Primrose and Lost Lake Trails

Lost Lake was so calm the days we were there it was difficult to tell reflections from the real thing!

Note:  I lost my camera, it was found and an awesome person mailed it back to me so now I have pictures to add to this entry!

In a year of my son being a member of our local Boy Scout Troop 555, I have only made it on one of his campouts, despite wanting to go on many more (made it to Swan Lakes a year ago June).  Originally the Lost Lakes hike was going to be last weekend, which I would not have been able to make, so when it was switched to Aug. 10-12, I was ecstatic!  This is one of the few "big" point-to-point trails I have not hiked on the Kenai Peninsula.  It turned out to be the best weather of the entire summer I think--just amazing--so we really lucked out.

A backpacking trip starts with packing, and I'd been at retreats the past 2 weeks so hardly had gotten any exercise, so I was being deadly with cutting weight.  Even my toothbrush didn't pass muster!  When I weighed in at 35 pounds, pre-food, I was feeling pretty good.  We ended up having 5 scouts and 4 adults going, which is actually a good ratio.  The adults can carry more than the kids so they loaded up with heavier items like stoves, fuel, filters, food, etc.  I'd done the food shopping for this trip at Costco so we had lots of food.  More on that later.
The Primrose Trailhead!

Originally we were going to do an out-and-back hike, up the Lost Lake side 6 miles, then back out the same way.  With a smaller and more capable group, our scoutmaster decided to have us do a point-to-point:  up the Primrose Trail 7.5 miles on a Friday, then 7.5 miles back down the Lost Lake side on Sunday, for a total of 15 miles with a day off in between.

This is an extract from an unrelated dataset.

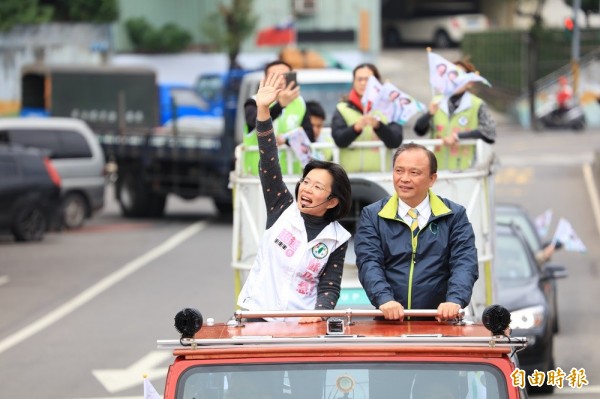 宜蘭縣長林聰賢（右）陪同立委候選人蘇巧慧車隊掃街。（記者張安蕎攝）
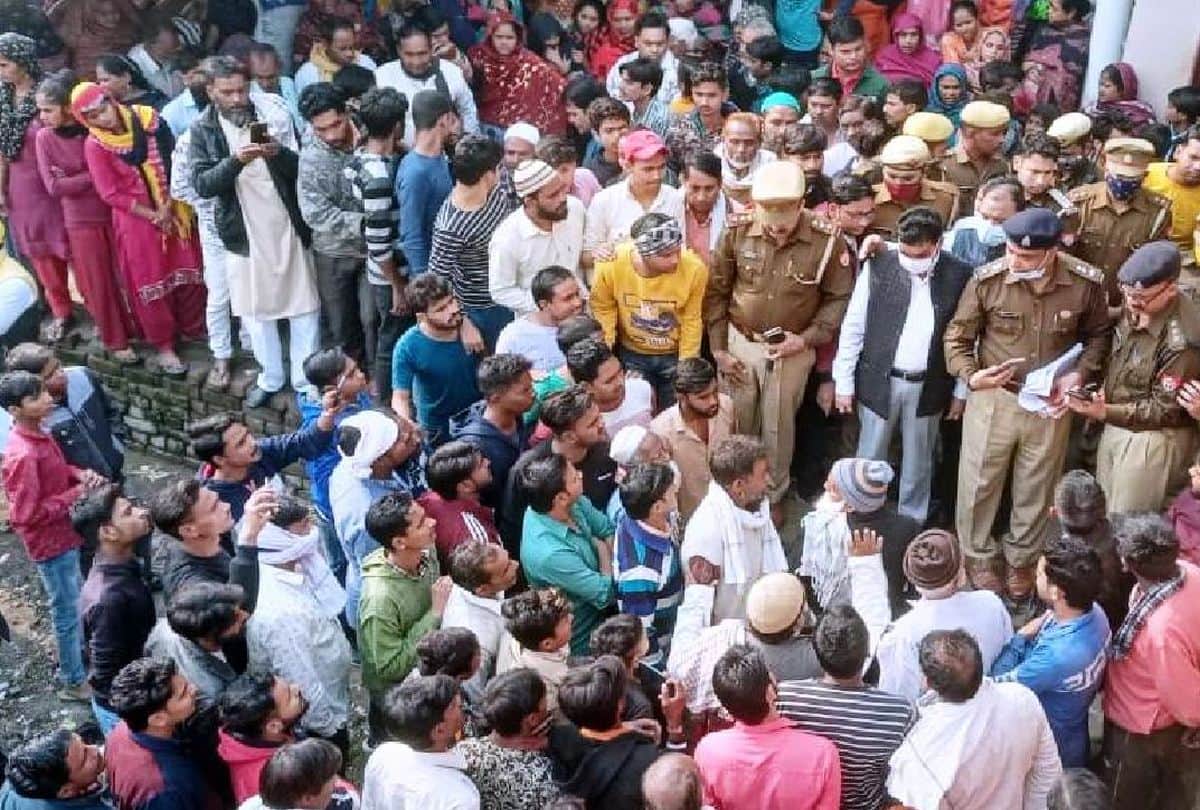 Suicide In Police Custody Father Give Statemnet To Kasganj Police Said Son Wan In Stress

After the woodchips, hard, packed dirt made for great hiking.

  
We left Homer at 8 a.m., and didn't get on the trail till 1:00.  We stopped for bathroom breaks, made our way through the construction zone on the Seward Highway, got a vehicle parked at the Lost Lake end, and divvied up food and loaded packs.  Probably the most humorous part of the weekend was the food:  since I'd done a Costco run, everything was in bulk.  I just handed all the food out of my vehicle to be put in a pile, expecting people to break down amounts and leave some in the car.  By time I got over there all that was left was a bag of bagels, so that was all I had to carry.  When we got to camp and started unloading the food, I laughed so hard!  We had 12 pounds of summer sausage, 2 large ziplocks full of rice, 6 large cans of canned chicken and even a large glass jar full of strawberry preserves (which was for peanut butter and jelly sandwiches at the car after the hike!).  We ended up eating nearly 9 pounds of the sausage--which was a real hit actually because it was substantial and easy.  The 36 string cheeses all got eaten too, for the same reason.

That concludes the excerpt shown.